Causé longuement avec M. Raulin, chef de Gare de Reims et son sous-chef, ils m’en ont raconté de bien bonnes sur les militaires !! Ils ont tout fait pour se rendre ridicules et odieux !! Pantins !!
J’avais aussi des réquisitions militaires, mais l’Intendant de Châlons a jugé bon de ne pas venir. A quoi bon se gêner !!! mais je crois que les prestataires ne se contenteront pas de cette désinvolture et que ce galonnard va se faire houspiller, d’autant que je l’ai convoqué à 2 reprises différentes et que mieux est cet âne-là a lui-même convoqué de son propre chef M. Cahen à cette audience sans même m’en prévenir !! Il ne pourra donc pas nier qu’il n’a pas été convoqué !!… Mais allez faire comprendre leur goujaterie à ces pierrots-là !!
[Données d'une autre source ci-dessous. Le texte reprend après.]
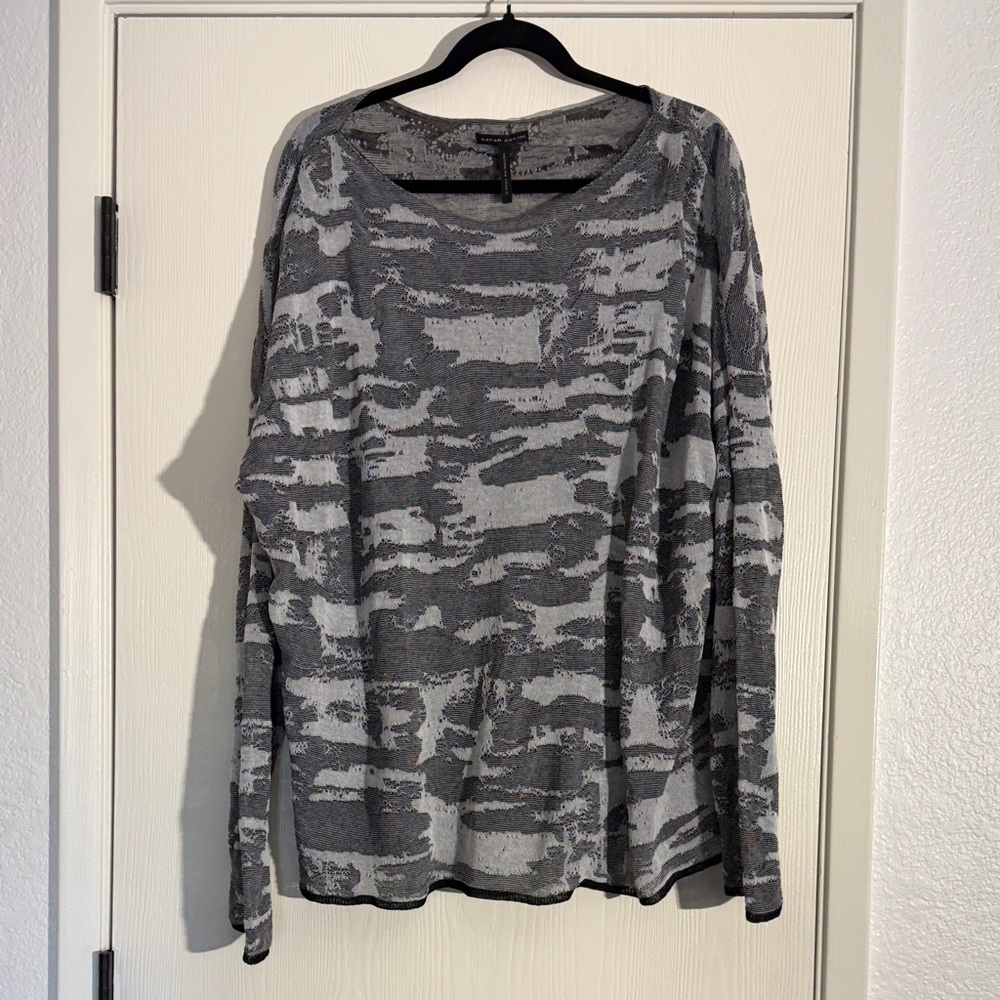 Sarah Pacini Two Tone Gray Women's Blouse. Size L/XL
Bref l’autorité militaire n’aura jamais manqué l’occasion de faire une bêtise ! C’est la faillite de son prestige !
Je suis fatigué, je vais me coucher. J’ai des lettres à écrire mais je n’y ai ni le cœur ni le courage, je suis si las !! surtout que ma vie misérable ne fait que de continuer et même de s’aggraver, alors ! Je laisse tout aller ! à quoi bon ! essayer de remonter le courant ! quand rien ne vient m’y inciter ni m’y encourager, avec l’espoir de jours meilleurs !!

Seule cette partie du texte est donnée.